___ Supplied entries ___

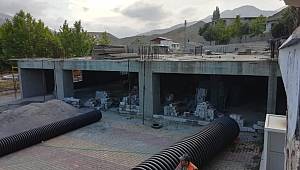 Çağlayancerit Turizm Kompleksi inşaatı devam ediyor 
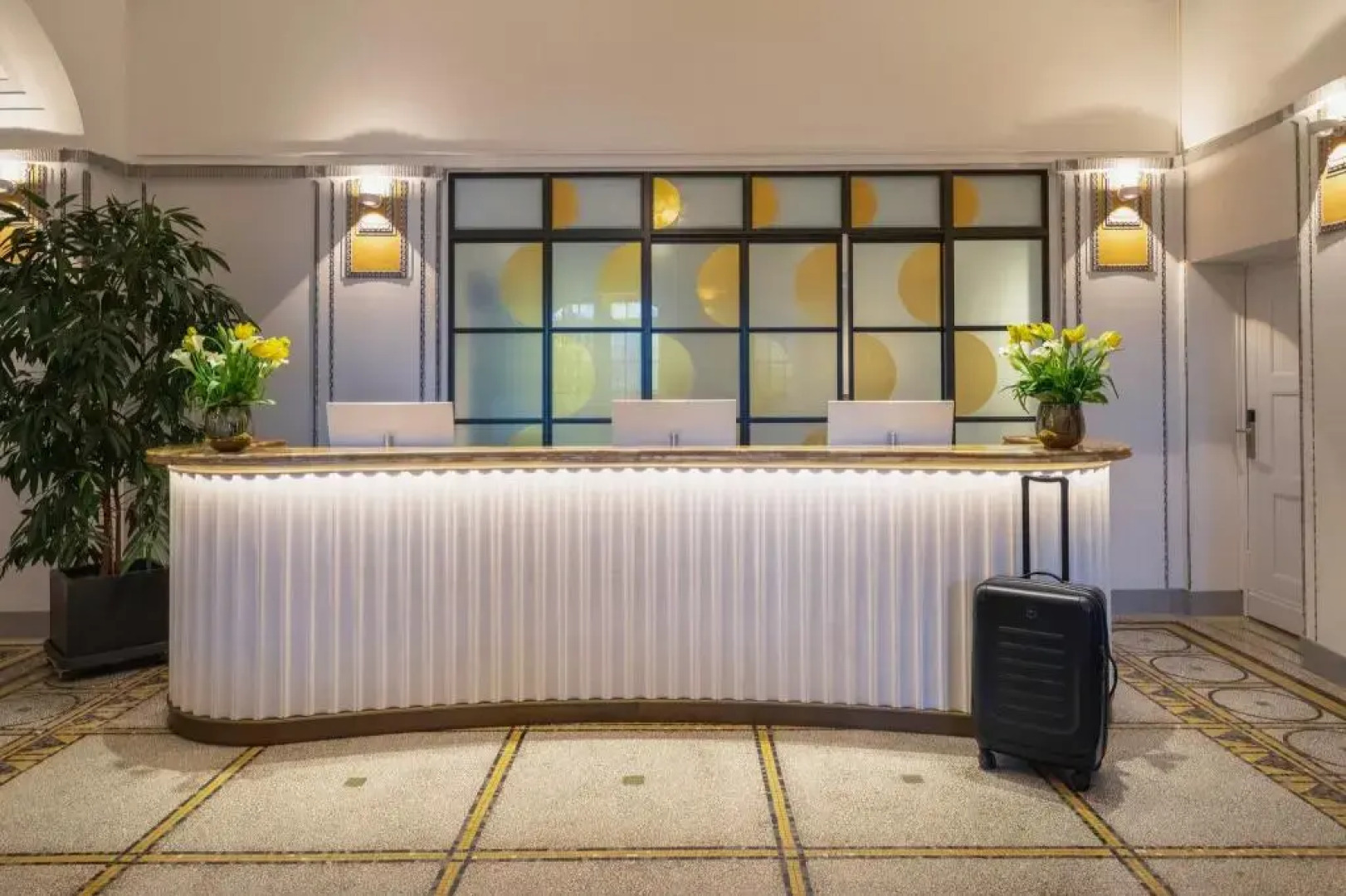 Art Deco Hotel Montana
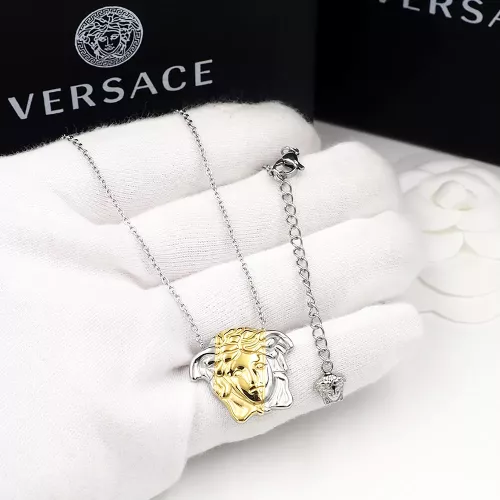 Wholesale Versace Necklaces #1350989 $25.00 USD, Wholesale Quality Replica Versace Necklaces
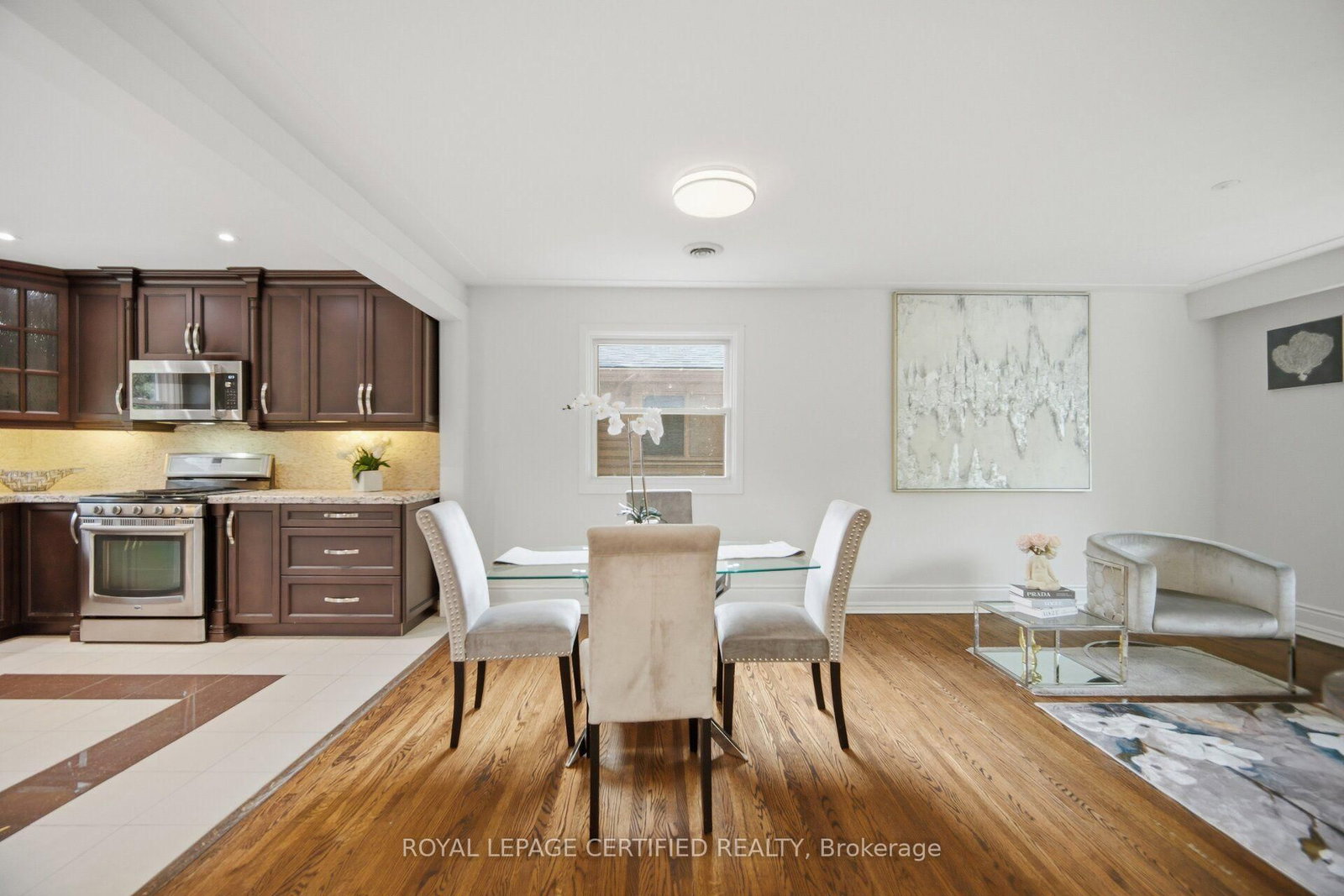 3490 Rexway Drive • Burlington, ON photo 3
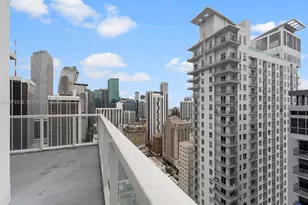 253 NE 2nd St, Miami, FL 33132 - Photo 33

___

§ What is required
Return the listing above word for word. Keep the images out.

§ Answer
 Çağlayancerit Turizm Kompleksi inşaatı devam ediyor 
 Art Deco Hotel Montana
 Wholesale Versace Necklaces #1350989 $25.00 USD, Wholesale Quality Replica Versace Necklaces
 3490 Rexway Drive • Burlington, ON photo 3
 253 NE 2nd St, Miami, FL 33132 - Photo 33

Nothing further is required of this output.